De acordo com os autores do estudo, publicado nesta semana pela revista Nature Communications, o objetivo do projeto é desenvolver, no futuro, ovários bioprotéticos que possam ajudar a restaurar a fertilidade e a produção de hormônios em mulheres que passaram por tratamento de câncer, por exemplo.
O grupo, liderado por cientistas da Universidade do Noroeste, em Chicago (Estados Unidos), produziu os ovários sintéticos montando na impressora 3D, uma engenhosa estrutura feita de hidrogel. Em geral, esse material é mole demais para construir órgãos nesse tipo de equipamentos, mas os pesquisadores descobriram que é possível usar baixas temperaturas para tornar o hidrogel mais firme.
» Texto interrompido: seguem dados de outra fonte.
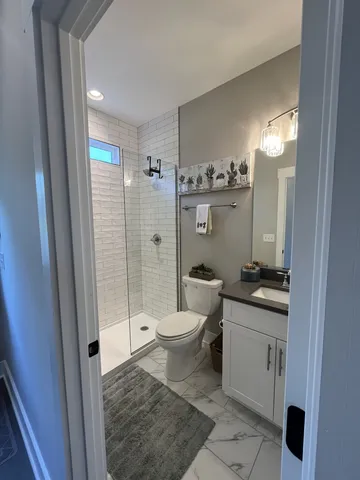 a bathroom with a granite countertop sink toilet and shower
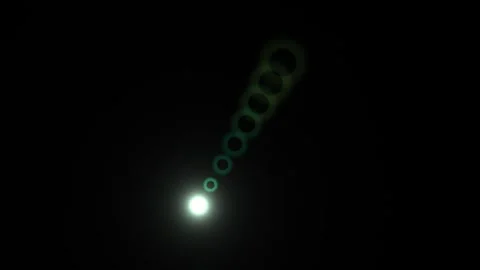 Light rays shine through circles in dark space Stock Footage 338987931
“Nossa esperança é que um dia essa bioprótese de ovário seja realmente o ovário do futuro. O objetivo do projeto é que sejamos capazes de restaurar a fertilidade e a saúde endócrina de jovens pacientes com câncer que tenham se tornado inférteis por causa do tratamento”, disse uma das autoras do estudo, Teresa Woodruff, da Universidade do Noroeste.
Depois de construída e implantada na cavidade do ovário extraído, a estrutura impressa em três dimensões recebeu, no laboratório, dezenas de folículos – as pequenas bolsas que contêm os ovócitos, ou óvulos imaturos. Os folículos puderam aderir ao ovário sintético graças à sua estrutura porosa.